Dr Keith Roach
Dear Dr. Roach: I had a thyroidectomy and am on levothyroxine. The instructions for the drug say not to take it within four hours of taking calcium. No discussion of the drug has clearly stated whether this refers only to calcium supplements or whether this also includes high-calcium foods.
I usually take levothyroxine when I wake up, between 2:00 and 3:30, to avoid dairy products for breakfast (e.g. yogurt, cheese and soy milk) and dinner (broccoli, green leafy vegetables, dairy soy). I go to bed quite early. I eat mostly plant-based, as well as dairy.

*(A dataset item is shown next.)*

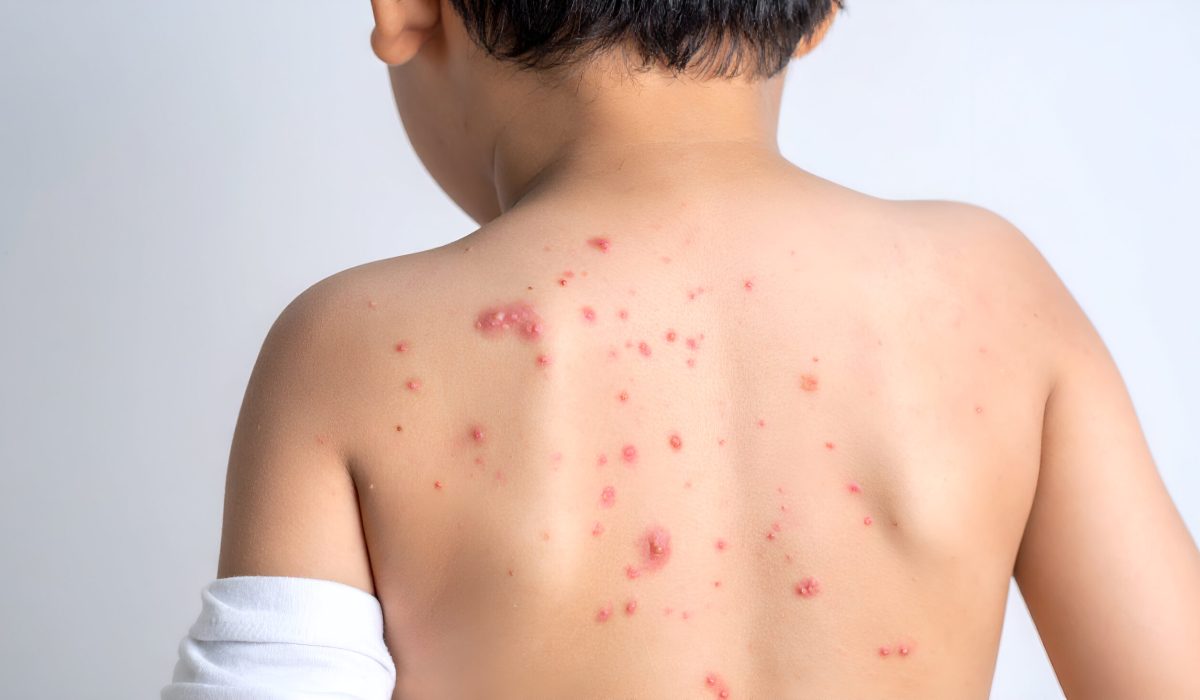Close-up view of a young child's back showing numerous chickenpox lesions.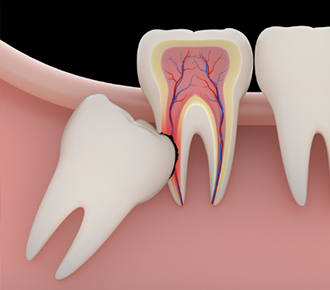 親知らずの処置について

I’ve asked a few doctors and pharmacists just to let them answer with the question: isn’t it just for supplements? I do not know! That’s why I’m asking. I want my thyroid prescription to work as it should. Can you shed some light on this issue?
Dear EG: Large amounts of elemental calcium reduce the absorption of the thyroid hormone, thyroxine (Synthroid and others). If you were to take thyroxine at the same time as a large calcium pill, you might expect the thyroid medication to be 7% to 8% less absorbed. (Iron and caffeine also decrease thyroid hormone absorption.) A glass of cow’s milk taken at the same time decreases thyroid hormone absorption. Soy milk hasn’t been studied, but I expect calcium-fortified soy milk to be similar to high-calcium milk, yogurt, and perhaps some cheeses, in their ability to reduce thyroxine absorption.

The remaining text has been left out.